The role public leaders can play in improving the resilience of their communities in the current coronavirus pandemic through new sport and exercise initiatives has been highlighted on the opening day of the seventh Smart Cities & Sport Summit.
Philippe Furrer, the Movement and Sports activist who is founder of insPoweredBy, told the two-day, Lausanne-based Summit - which is being held virtually this year - that getting people to be more active had huge physical and economic benefits, particularly with regard to COVID-19.
"More and more studies coming out show it makes sense to get people active from an economic point of view," he said.
"Several studies have pointed out that one dollar, one pound invested in physical activity and sports has a return on investment of at least four or more times depending upon the type of activity.

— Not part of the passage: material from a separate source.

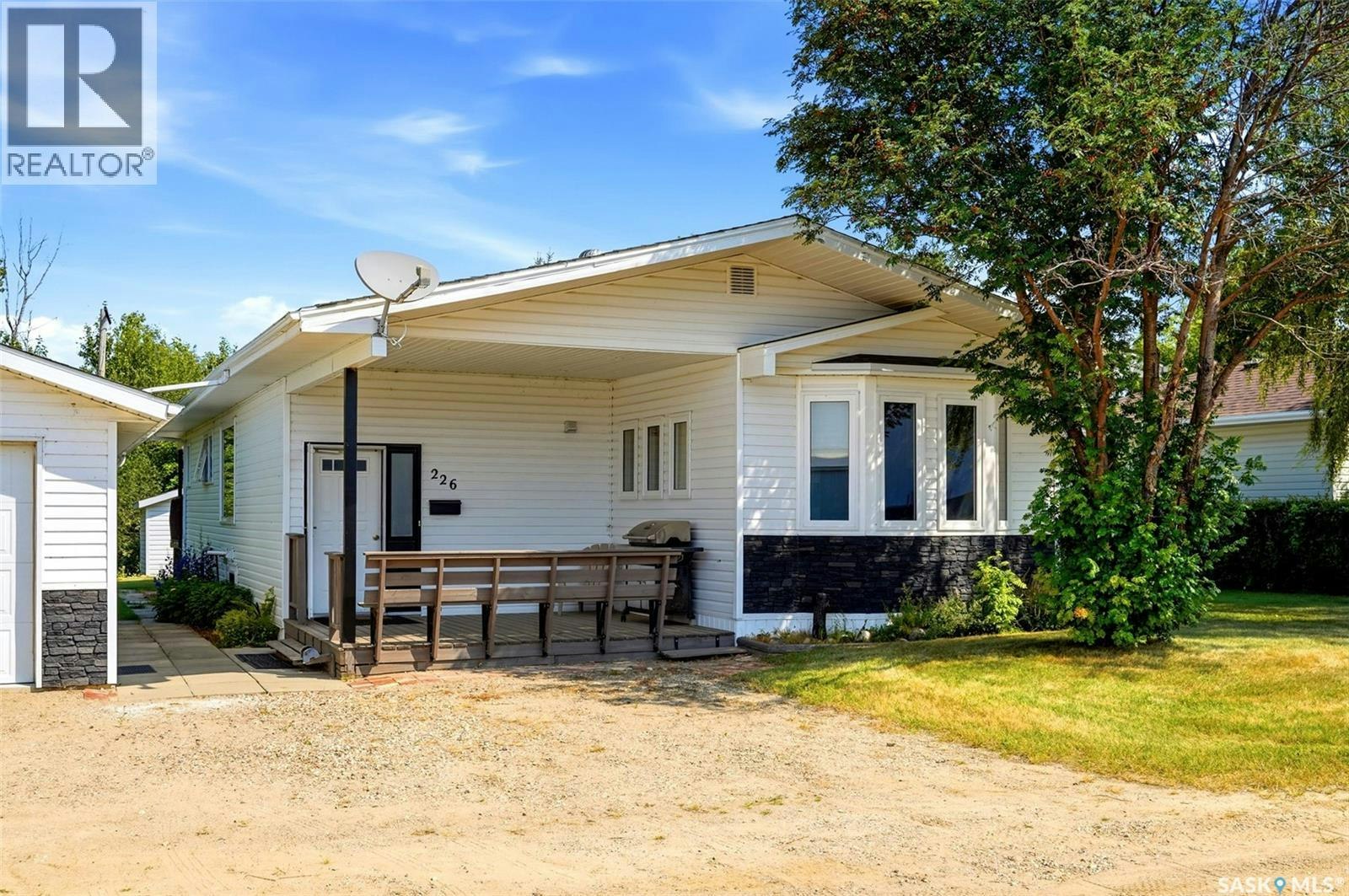 226 1st Avenue SW, Ituna, SK, S0A 1N0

"So we are talking about billions in the economy we can save by simply having a positive impact on the cost of public health, for example, on the productivity of people and absenteeism and that kind of stuff.
"There is a growing burden of sedentarism.
"We all know the cost of chronic disease burgeoning everywhere.
"What the current crisis has revealed is that the more chronic disease and sedentarism you have in your society, the more likely you are to have a lot of people hit by COVID.
"We have an over-representation of people with chronic disease, obesity and diabetes in hospital beds right now, and this is an important consideration for public leaders, for city leaders, to anticipate this crisis and to build up the resistance and the resilience of our communities.
"Because the benefits are so enormous, including in such a crisis situation.
"Recent studies have shown clearly the link between the fitness level of people and the likelihood of ending up in hospital.
"They are very interesting studies - they are very new and fresh and of course we will need months to digest all of this data.
"Another challenge for a lot of cities that every city is sharing is air pollution. We are talking about more than a million people who have sadly died of COVID, but every year we have the death of more than four million people because of air pollution in cities.
"Now, pushing for physical activity and sports and more softer, sustainable mobility solutions in cities can actually address also this challenge.
"It costs Governments several points on their GDP so it’s an important consideration."
Furrer than looked at trends involving new, "human-centred" designs in cities such as Vancouver, Copenhagen, Tokyo and Lausanne.
"Some of these trends have gained attention because of COVID," he said.
"We have all seen a number of bicycle tracks that have popped up in our cities. T
“They were supposed to be temporary, but in many cases they remain.
"I feel this is where we are going, and probably at a faster pace than we expected.
"There is a move to re-possess run-down areas in the neighbourhoods to really bring people around the originally designed sports grounds.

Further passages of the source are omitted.